Florida Family Funds Bibi’s Election Campaign
Members of a single American family have donated half of the NIS 330,000 Prime Minister Benjamin Netanyahu has raised for his Likud party primary campaign in the past few weeks. Four members of the Falic family from Florida are responsible for contributing some NIS 165,000, or about $45,000.
Of the nine donors that appear on the political contributions page on the state comptroller’s website, seven gave over NIS 41,000 – very close to the maximum of NIS 43,280 that individuals are allowed to donate. Several of the donors have been mentioned in Channel 10’s “Bibitours” investigative reports, according to which the prime minister may have allowed donors to finance his trips abroad, and allegedly billed a trip to two different sources.
In April, Netanyahu and his wife Sara filed an NIS-3.5 million libel suit against Channel 10 over the reports.
The most prominent name among the prime minister’s donors is that of the Falics, a well-known family that owns Duty Free Americas, a large chain of duty-free shops that operates in 13 airports and along the United States’ northern and southern borders. At one point, the family also owned the Christian Lacroix fashion house.
Nily Falic is the national president of the Friends of the Israel Defense Forces in the United States; another family member, Jana Falic, is president of WIZO-USA.
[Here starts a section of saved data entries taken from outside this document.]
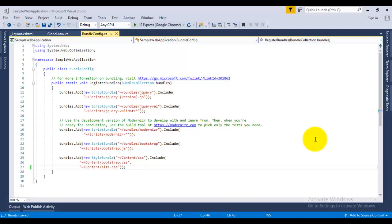And the second benefit of minification is that the name of the method in the minified version would be different from the method written in the original JS file, so it also secures your application. So we can see that there are two benefits of minification: performance, as the size of the minified file is less, and second is the security of your application.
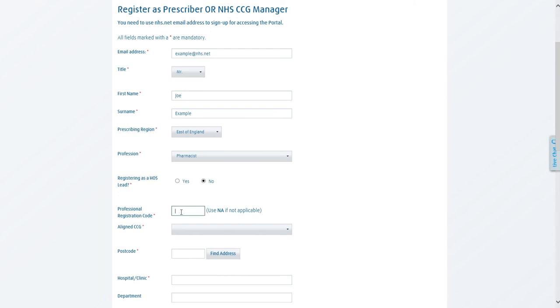For professional registration code, this will be whatever your code is. If you do not know it or if it's not applicable, you'll want to type NA.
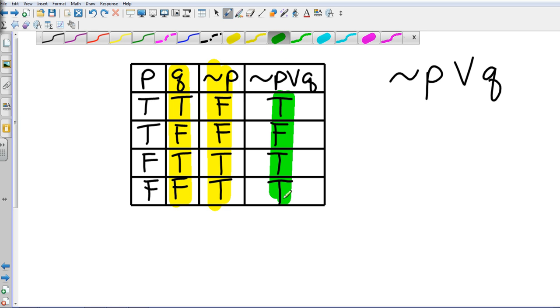That should cover it — a little over 12 minutes. That is Chapter 2, Section 2: Logic.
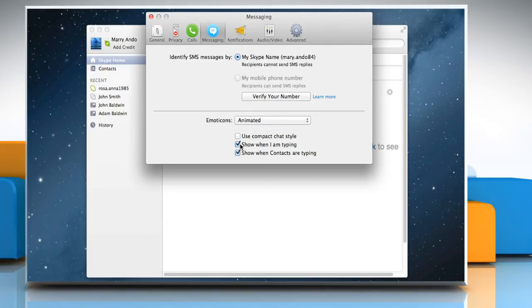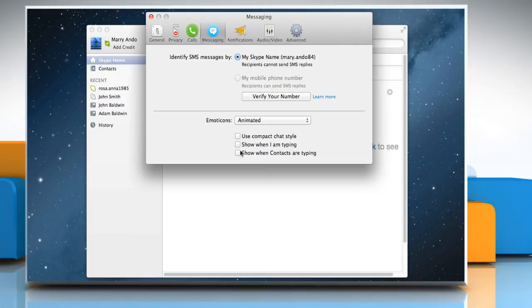Uncheck Show when I am typing or Show when contacts are typing checkbox to hide the typing indicator, which appears in the top right of your screen.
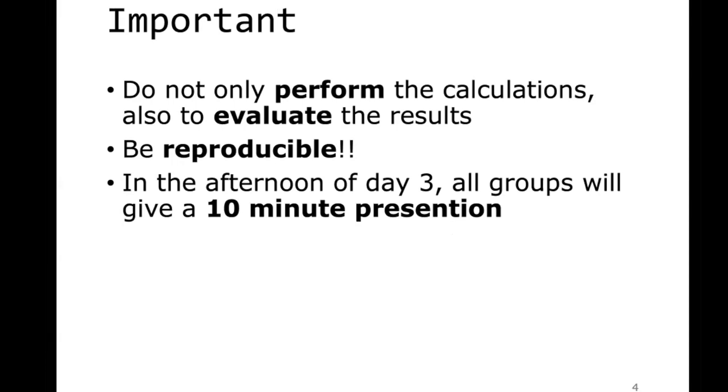And last but not least, in the afternoon of day three, all groups, so we have five groups of five people, will give a 10-minute presentation.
The family members who contributed to Netanyahu were Nily’s husband, Chaim, who passed away earlier this month; their son, Leon; another son, Jerome; and her daughter, Jana, along with her husband Simon. Each of them donated $11,000.
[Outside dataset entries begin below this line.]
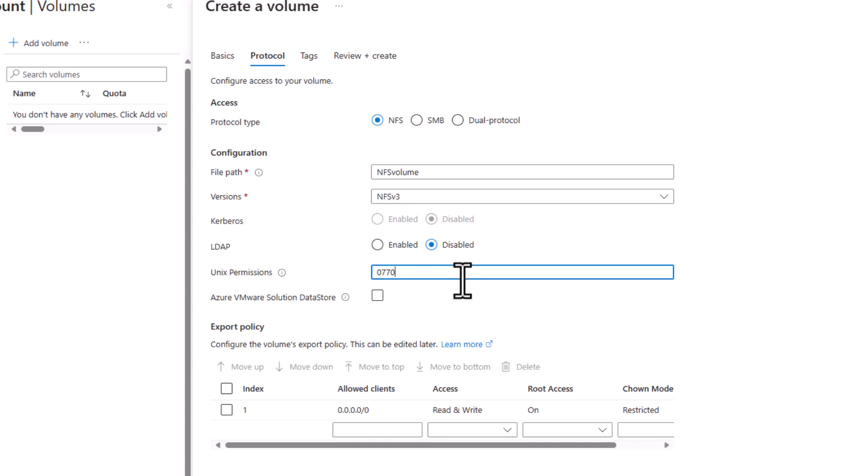Alternatively, if needed, you can change the permissions after the volume is created from Azure NetApp Files or from the NFS client after the volume is mounted, as well as change the owner and group from the NFS client for more granular control over permissions.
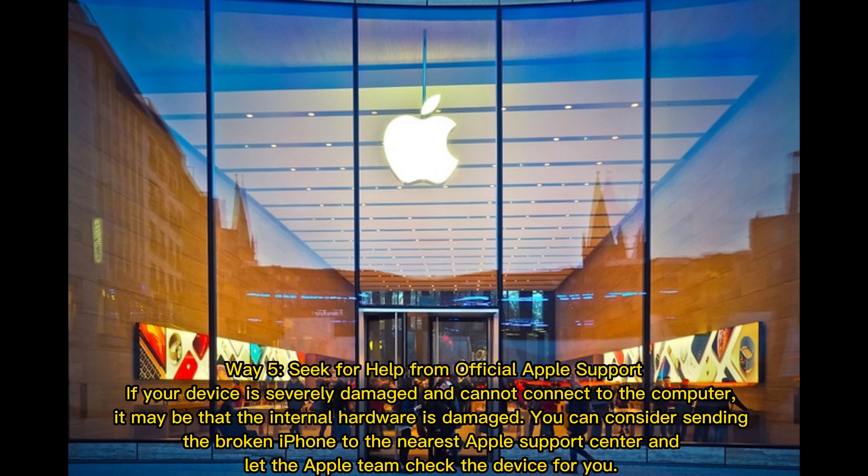Way 5. Seek for help from official Apple support. If your device is severely damaged and cannot connect to the computer, it may be that the internal hardware is damaged, you can consider sending the broken iPhone to the nearest Apple support center and let the Apple team check the device for you.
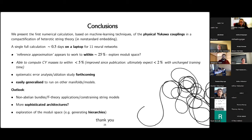In view of time, let's go to the next talk. The Zoom will be left open after the talks for more questions. Let's thank Kit again for the very nice talk.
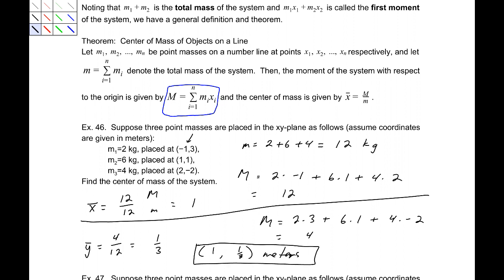Note that X̄ is found using the moment with respect to the Y-axis, and Ȳ is found using the moment with respect to the X-axis. This is due to the way the axes are oriented.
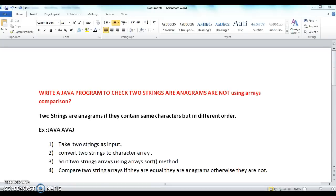The fourth step is to compare the two sorted character arrays. If they are equal, the strings are anagrams; otherwise they are not. So the logic is simple: take two strings, convert them to character arrays, sort the arrays, and then compare them.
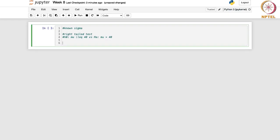Let us import the necessary libraries. We are going to import scipy.stats as stats. Basically we are importing this module as stats, which provides statistical functions and distributions. Since here we are going to deal with the normal distribution, scipy contains that as well.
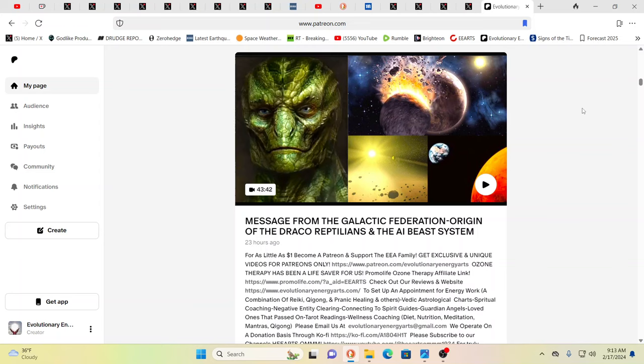Hello, our friends, Evolutionary Energy Arts family. Hello there, welcome back. Welcome back, guys.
The Falics have contributed to Netanyahu before, giving him $15,000 in 2005. During previous primaries, the family also donated money to Limor Livnat and Shaul Mofaz.
The family has also become involved in U.S. elections, and in recent years has donated a total of more than $100,000 to various candidates, both Republicans and Democrats.
The Falic family was mentioned in one of the Channel 10 Bibitours investigations as a Netanyahu donor who had not been reported to the state comptroller. Netanyahu’s lawyer said after the broadcast aired that some $15,000 had been returned to the family.